Records provided:
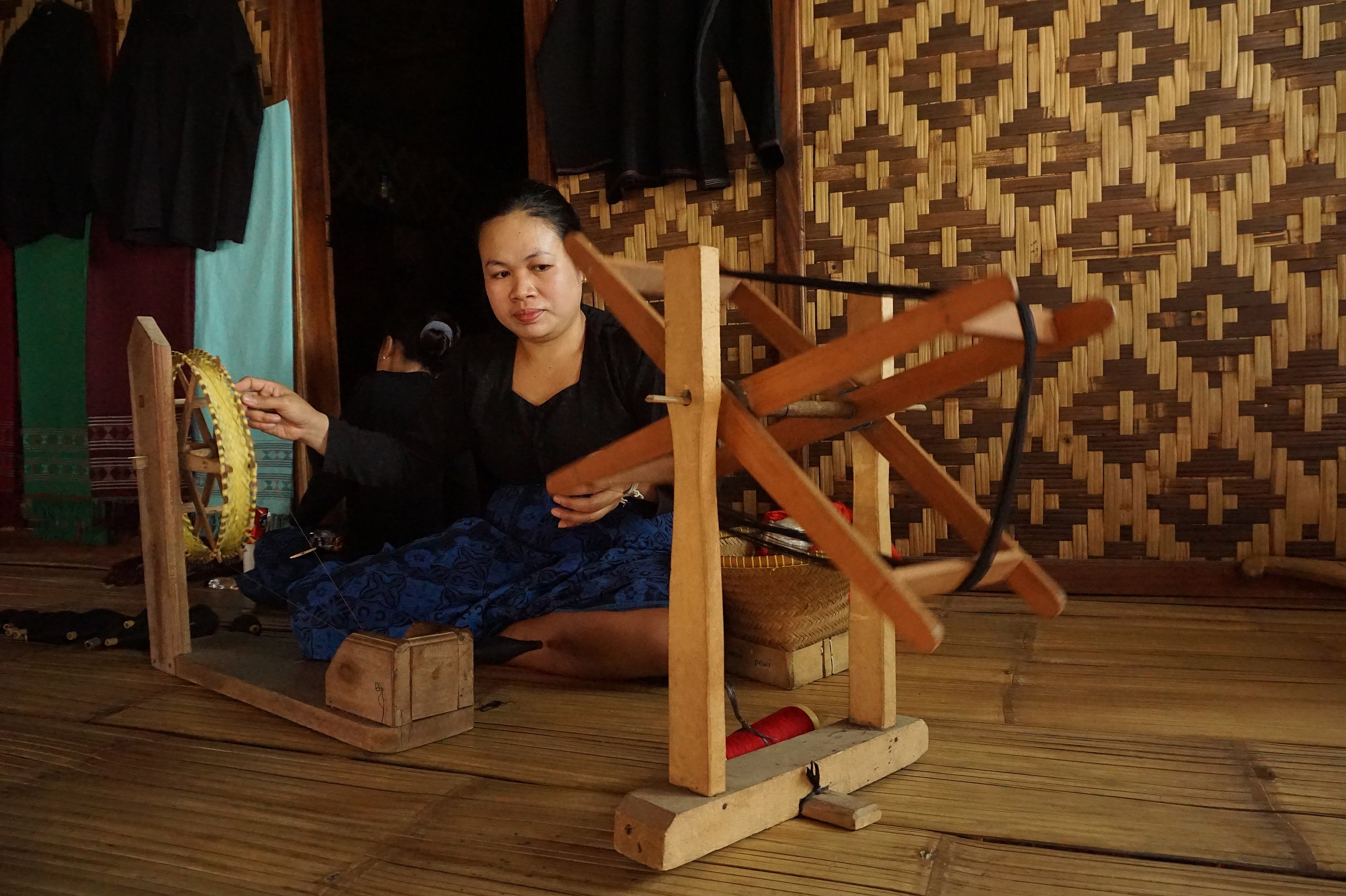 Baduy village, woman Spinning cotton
--
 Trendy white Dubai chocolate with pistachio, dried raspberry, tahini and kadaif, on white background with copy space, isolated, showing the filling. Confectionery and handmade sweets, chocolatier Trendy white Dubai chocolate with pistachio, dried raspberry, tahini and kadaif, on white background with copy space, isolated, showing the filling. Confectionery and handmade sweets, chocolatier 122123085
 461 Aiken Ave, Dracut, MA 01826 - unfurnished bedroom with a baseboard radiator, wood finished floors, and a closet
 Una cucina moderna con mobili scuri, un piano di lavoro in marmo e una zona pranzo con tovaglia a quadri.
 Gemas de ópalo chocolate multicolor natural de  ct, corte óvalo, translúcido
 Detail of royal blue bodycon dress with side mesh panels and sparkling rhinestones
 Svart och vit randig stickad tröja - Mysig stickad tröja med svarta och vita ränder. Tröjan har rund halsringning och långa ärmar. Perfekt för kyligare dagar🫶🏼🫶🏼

What you have to do: Copy every line of the records above that contains "chocolate".

Answer to this problem:
 Trendy white Dubai chocolate with pistachio, dried raspberry, tahini and kadaif, on white background with copy space, isolated, showing the filling. Confectionery and handmade sweets, chocolatier Trendy white Dubai chocolate with pistachio, dried raspberry, tahini and kadaif, on white background with copy space, isolated, showing the filling. Confectionery and handmade sweets, chocolatier 122123085
 Gemas de ópalo chocolate multicolor natural de  ct, corte óvalo, translúcido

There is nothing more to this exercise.